Prices rise at just 0.1% in July
Inflation has been the only significant economic statistic that has reacted as expected to the three rate hikes that taken place in the last nine months. Inflation peaked at 2.7% in February and has been falling since. Year on Year prices rose by 1.7% in July, lower than analysts’ expectations but slightly more than in June.
The dollar continues to be driven by rate hike expectations despite a near 10% fall in the dollar index this year. There is little to encourage dollar buyers until a significant package of fiscal reform and economic stimulus measures are announced by the President and passed by Congress.
There is little significant in the way of economic data being released in the U.S. this week although the FOMC minutes, released on Wednesday will provide some insight into how Fed members were thinking at their last meeting when rates were left on hold.
The dollar is clinging to recent levels although the Euro is looking likely to resume its upwards trajectory. Buyers of the single currency will most likely look to renew positions as the 1.1680 support holds. Dollar weakness against the JPY and CHF are entirely driven by the North Korean crisis and until that abates the dollar will remain under pressure.
U.K. data to provide short term direction
Inflation and employment reports will be released in the U.K. this week. Inflation, which is due for release tomorrow, will likely resume its climb towards 3% where it is expected to peak but that was not supposed to be until October. June’s improbable fall to 2.6% year on year is unlikely to be repeated as several items, including oil, have recovered in price.

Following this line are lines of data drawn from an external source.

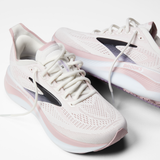 Adrenaline GTS 26 - Women B (standard width)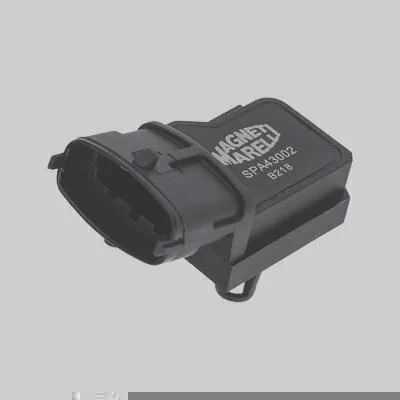 Sensor de Pressão Absoluta MAGNETI MARELLI SPA43002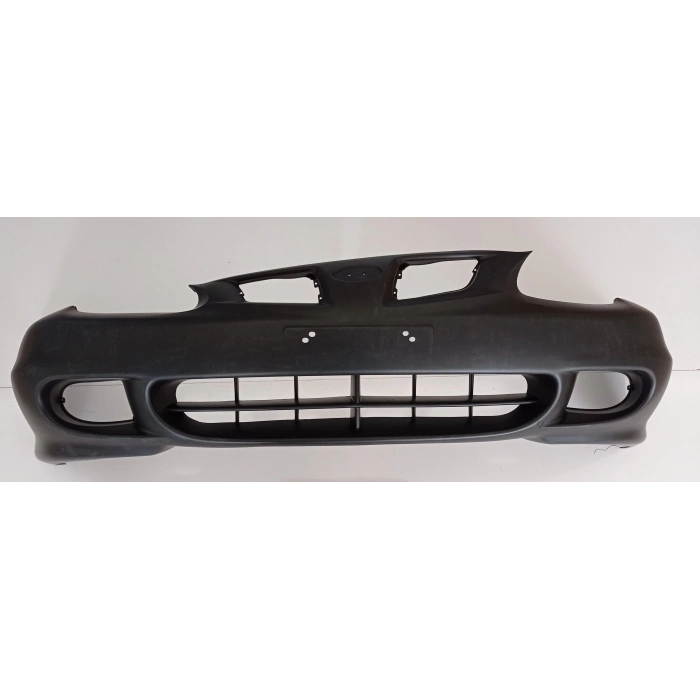 Tampon Elantra 99-00 Ön Tyg Hyundaı Elantra (Oem No: 1204Tmp2000122)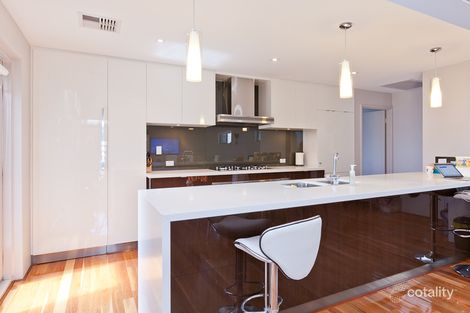 Property photo of 27 Vaucluse Circuit Belmont WA 6104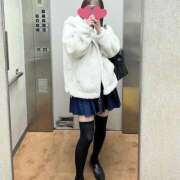 ヒメ日記 2025/12/20 00:19 投稿 三崎　なぎ しゃせきょっ!XX教育される制服女子たち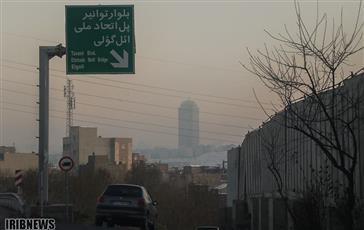 سرپرست دفتر بهبود تغذیه جامعه وزارت بهداشت طرح کرد؛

Real wages have started to fall as inflation has continued to rise with MPC’s hands tied over Brexit concerns. With wage growth at just 2% despite record low unemployment the Bank of England faces an uncertain time before it can afford to react to the data.

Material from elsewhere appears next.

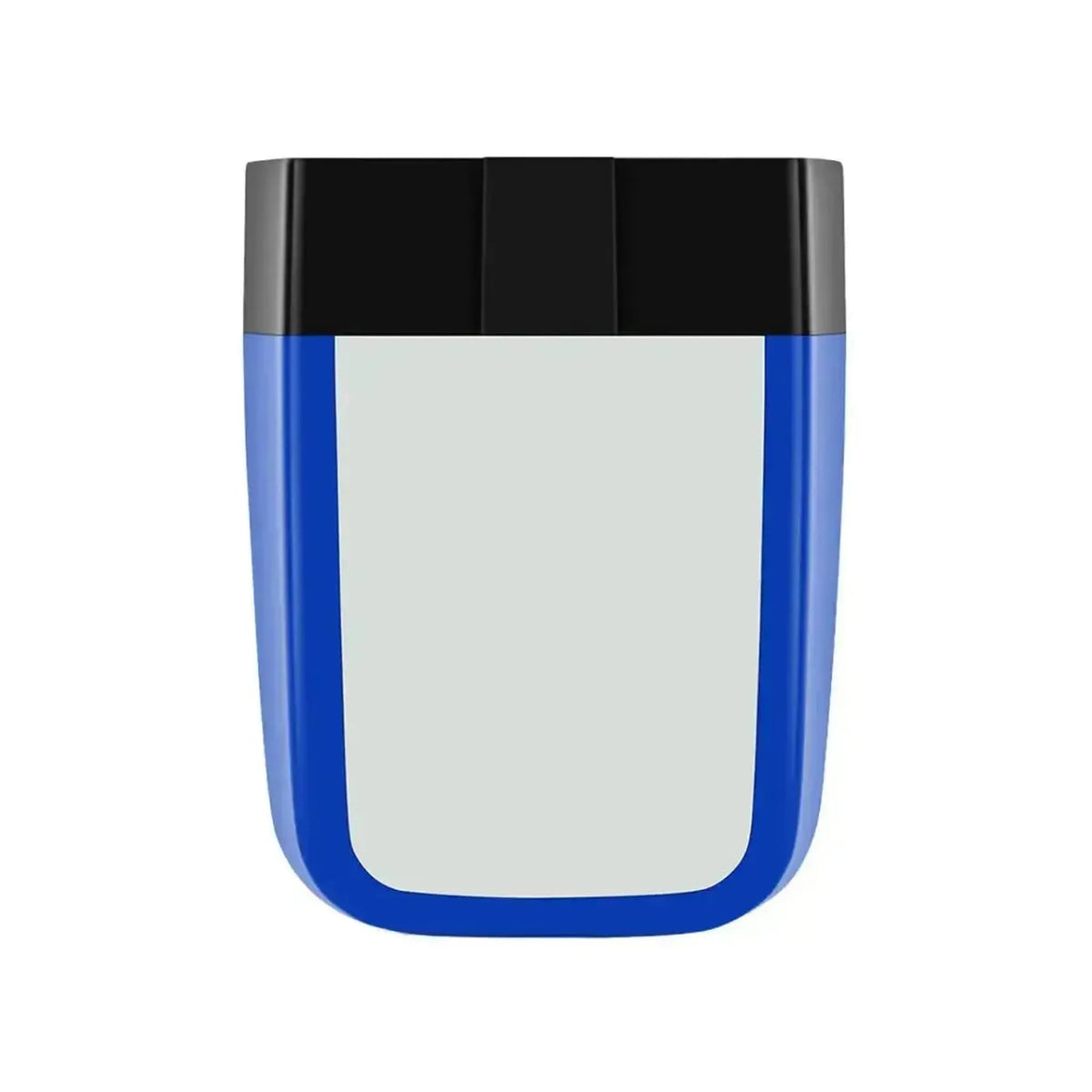 Vgate VLinker BM+ | Rozhraní ELM327 (Bluetooth 4.0)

Sterling has resumed its fall versus the Euro falling to 0.9121 as it begins to threaten medium term support at 0.9270 last seen following the Brexit referendum.

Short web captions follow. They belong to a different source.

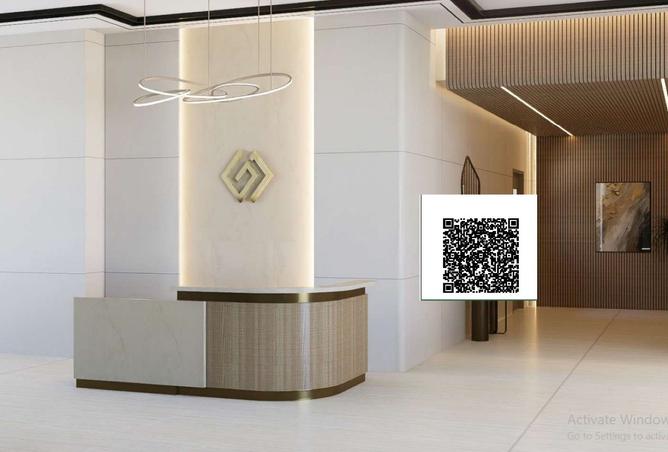 16035661 - Property Image 2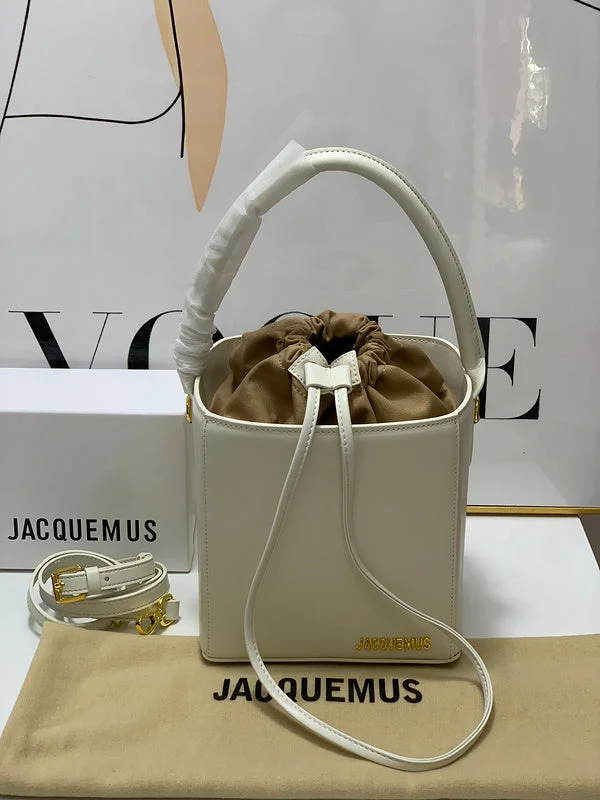 Style Without Limits SACC - JCA Bags - 183 The Handbag Sale You've Been Waiting For Style Without Limits SACC - JCA Bags - 183 The Handbag Sale You've Been Waiting For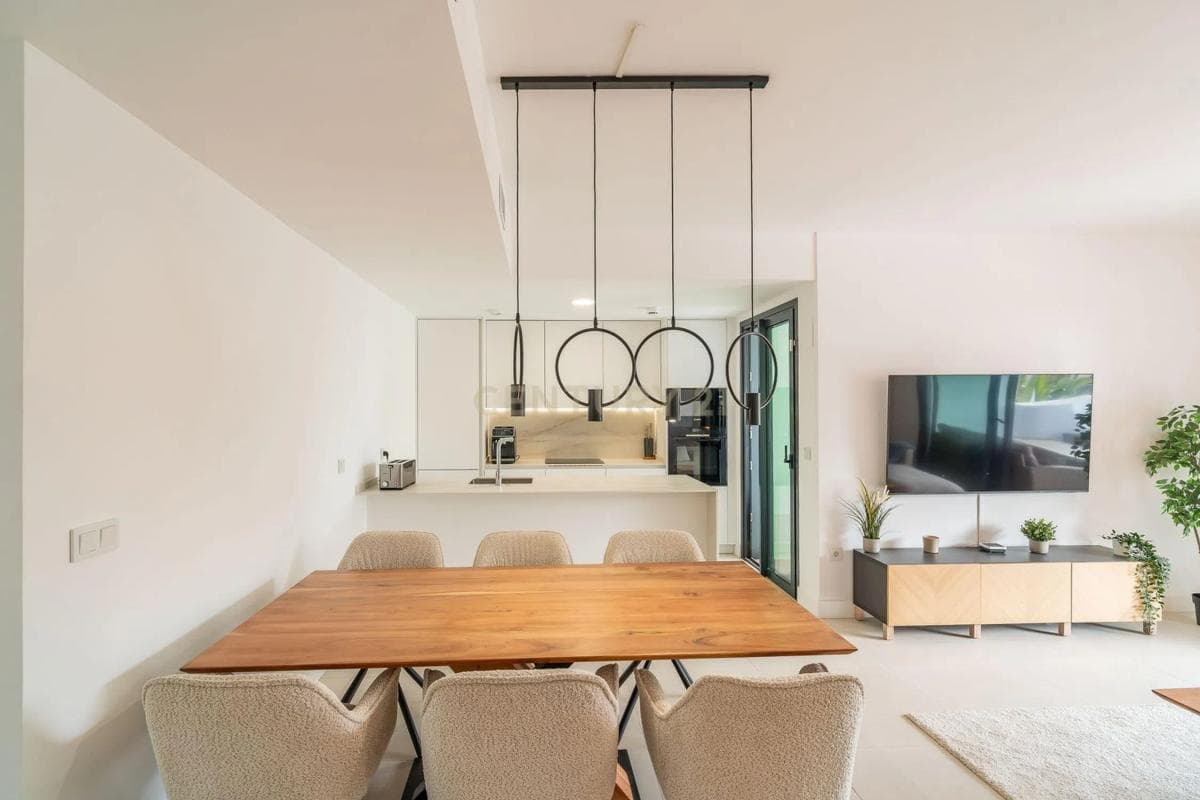 Продажа квартиры на Avenida Fuengirola, 10, Фуэнхирола
photo 4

As we get deeper into August and liquidity thins further minor developments can be magnified and tests of long held support and resistance levels can be seen triggering stop loss levels much to the anger of traders.
North Korea still under scrutiny
President Kim remains defiant and stated on Friday that the testing of missiles likely to fall within 30km of Guam will take place early this week. With China warning the U.S. to act with caution the situation is likely to escalate further before any resolution.
Given the personalities of those involved with Chinese President Xi is in the unenviable position of mediator between two such volatile characters, markets continue to react to any further rhetoric.
The JPY is trading below 110.00, a close to 5% fall from its recent lows, while the CHF had its largest one day fall for three months.
Any permanent solution to this crisis is some way away, unless there is a military intervention by the U.S., so it is to be hoped that Kim will back off from his threats and allow the situation to diffuse naturally. That is probably wishful thinking giving President Trump one more item to deal with upon his return from vacation.